We investigated what role YouTube plays in the real-life radicalization of viewers. In a collection of written articles, data visualization, videos and a podcast, we shed light on the most important YouTube channels of the ‘reactionary right’. We uncover their connections around themes like antisemitism, anti-feminism and white supremacy and show how this can easily lead viewers down a rabbit hole of increasingly extremist content. To sketch the full picture, we did not only analyze 600.000 videos and 120 million comments from 1500 YouTube channels, but we also tracked down a handful of the commenters that expressed increasingly extremist views.
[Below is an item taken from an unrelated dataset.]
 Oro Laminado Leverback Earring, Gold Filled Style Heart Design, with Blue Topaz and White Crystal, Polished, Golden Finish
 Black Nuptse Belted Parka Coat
Unlike other research, we did not only look at the videos that the YouTube algorithm recommends, but also unearthed the underlying community of reactionary right channels that follow and feature each other. Moreover, we reconstructed the journey of users through this network using tens of millions of their comments and interviewed some of these people about the development of their views.
To uncover the network of reactionary right channels, we compiled a list of YouTube accounts that are considered to be extremist right by anti-fascism experts, academic researchers and various media sources. Using the ‘YouTube Data Tool’ of the Digital Methods Initiative we then collected all followers, subscriptions and featured channels of these accounts. We filtered the resulting collection of channels by hand and iterated this search procedure several times. Of the final 1500 channels we collected the videos, comments and other additional information from the YouTube API, using Python scripts. We also transcribed 400.000 videos using the youtube-dl Python library. Data on the monthly number of views and subscribers of the channels were obtained from Socialblade, which also provides a measure for the influence that popular channels have.
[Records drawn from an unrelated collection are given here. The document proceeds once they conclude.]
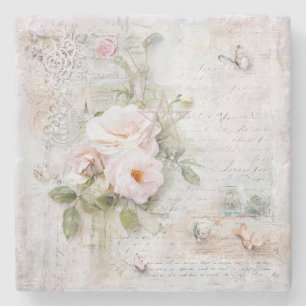 Create Your Own Shabby Chic Pink Roses Butterflies Stone Coaster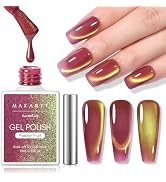 Makartt Cat Eye Gel Nail Polish - 10ml Holographic Sparkly Jelly Purple Gel Polish Soak Off Nail ...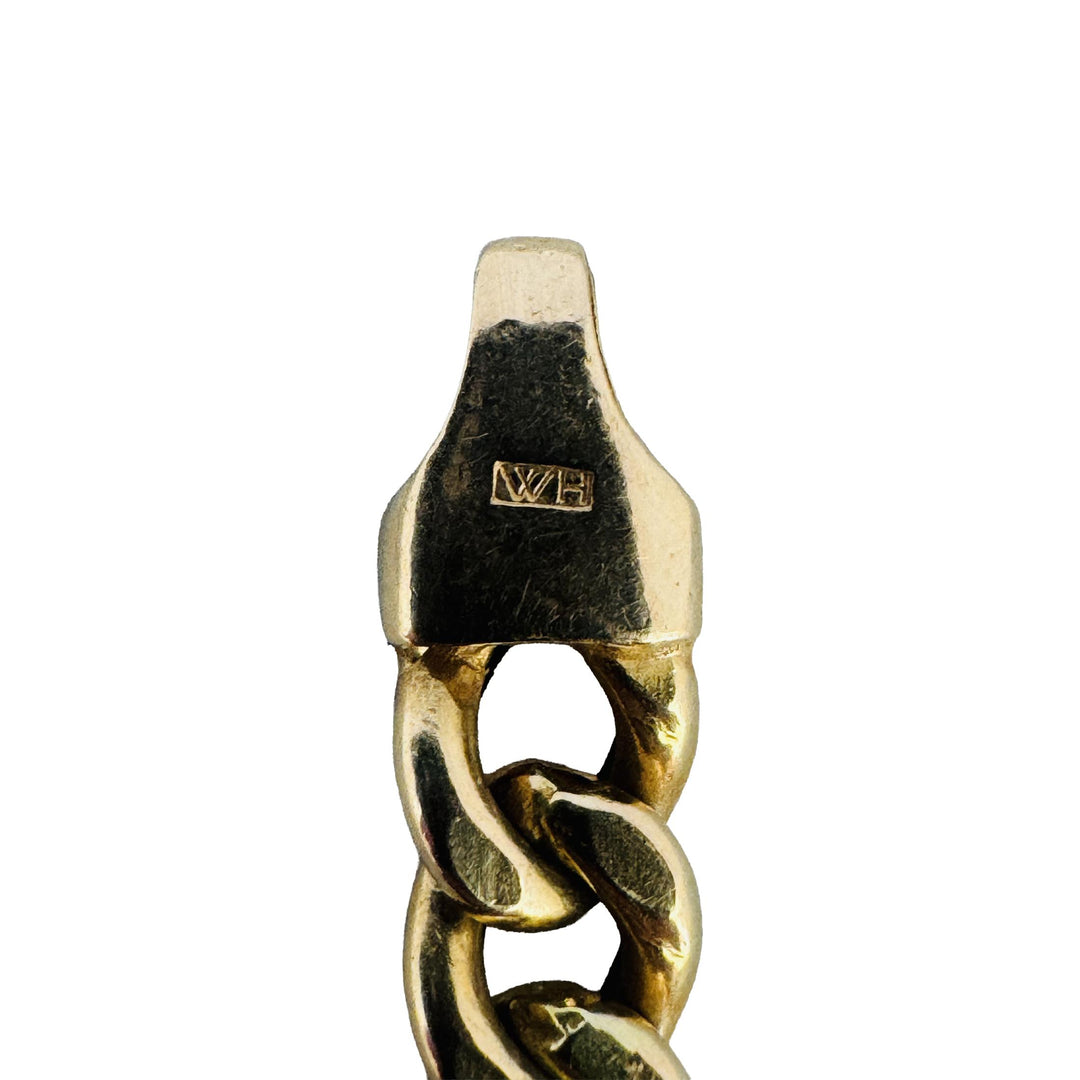 14k Yellow Gold 8.2g Ladies Hollow Graduated Curb Link Bracelet Italy 7"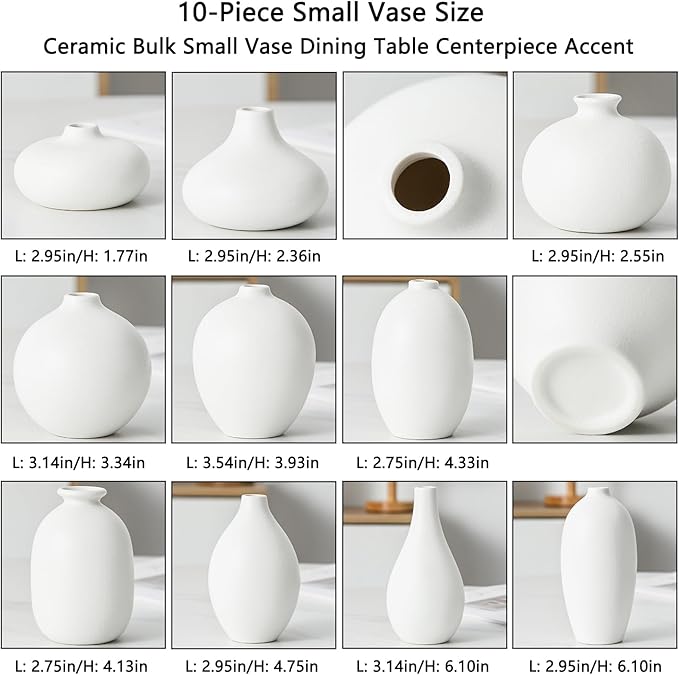 Ceramic Bud Vase Set of 10 - White mini Bud Vases in Bulk Dining Table Centerpieces, Cute Bulk Small Flower Vase for Pampas Grass&Single Flower Decor, Ideal Wedding Window Sill Aesthetic Desk Decor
We analyzed these data with the help of statisticians, media scientists and algorithm experts, partially through two hackathon days in september and october. For our understanding, we also simply watched hundreds of the most popular videos we surfaced.
What was the hardest part of this project?
The hardest part was to reconstruct the journeys that viewers follow into the increasingly extremist corners of the YouTube universe. For this, it was essential to not only look at the videos themselves, but also the content of the comments. And to track down and interview some of the frequently anonymous commenters.
What can others learn from this project?
Data alone does not provide the full answer, you also need to talk to the people that are involved.